The establishment of the monument is subject to valid existing rights, including the November 29, 2007, "Access Agreement" between EPI and the State of Maine, Department of Conservation that provides for certain public snowmobile use on specified parcels, and certain reservations of rights for Elliotsville Plantation, Inc., in specified parcels. If the Federal Government acquires any lands or interests in lands not owned or controlled by the Federal Government within the boundaries described on the accompanying map, such lands and interests in lands shall be reserved as a part of the monument, and objects identified above that are situated upon those lands and interests in lands shall be part of the monument, upon acquisition of ownership or control by the Federal Government.
The Secretary of the Interior (Secretary) shall manage these lands through the National Park Service, pursuant to applicable authorities and consistent with the valid existing rights and the purposes and provisions of this proclamation. As provided in the deeds, the Secretary shall allow hunting by the public on the parcels east of the East Branch of the Penobscot River in accordance with applicable law. The Secretary may restrict hunting in designated zones and during designated periods for reasons of public safety, administration, or resource protection. This proclamation will not otherwise affect the authority of the State of Maine with respect to hunting.

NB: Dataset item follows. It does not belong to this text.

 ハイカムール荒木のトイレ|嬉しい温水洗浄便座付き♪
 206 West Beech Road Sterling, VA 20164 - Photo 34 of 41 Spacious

The Secretary shall prepare a management plan to implement the purposes of this proclamation, with full public involvement, within 3 years of the date of this proclamation.
The Secretary shall use available authorities, as appropriate, to enter into agreements with others to address common interests and promote management needs and efficiencies.
Nothing in this proclamation shall be deemed to enlarge or diminish the rights of any Indian tribe. The Secretary shall, to the maximum extent permitted by law and in consultation with Indian tribes, ensure the protection of Indian sacred sites and cultural sites in the monument and provide access to the sites by members of Indian tribes for traditional cultural and customary uses, consistent with the American Indian Religious Freedom Act (42 U.S.C. 1996) and Executive Order 13007 of May 24, 1996 (Indian Sacred Sites).
Nothing in this proclamation shall be deemed to revoke any existing withdrawal, reservation, or appropriation; however, the monument shall be the dominant reservation.
Nothing in this proclamation shall preclude the use of existing low level Military Training Routes, consistent with applicable Federal Aviation Administration regulations and guidance for overflights of military aircraft, consistent with the care and management of the objects to be protected.
Warning is hereby given to all unauthorized persons not to appropriate, injure, destroy, or remove any feature of this monument and not to locate or settle upon any of the lands thereof.
Warning is hereby given to all unauthorized persons not to appropriate, injure, destroy, or remove any feature of this monument and not to locate or settle upon any of the lands thereof.
IN WITNESS WHEREOF, I have hereunto set my hand this twenty-fourth day of August, in the year of our Lord two thousand sixteen, and of the Independence of the United States of America the two hundred and forty-first.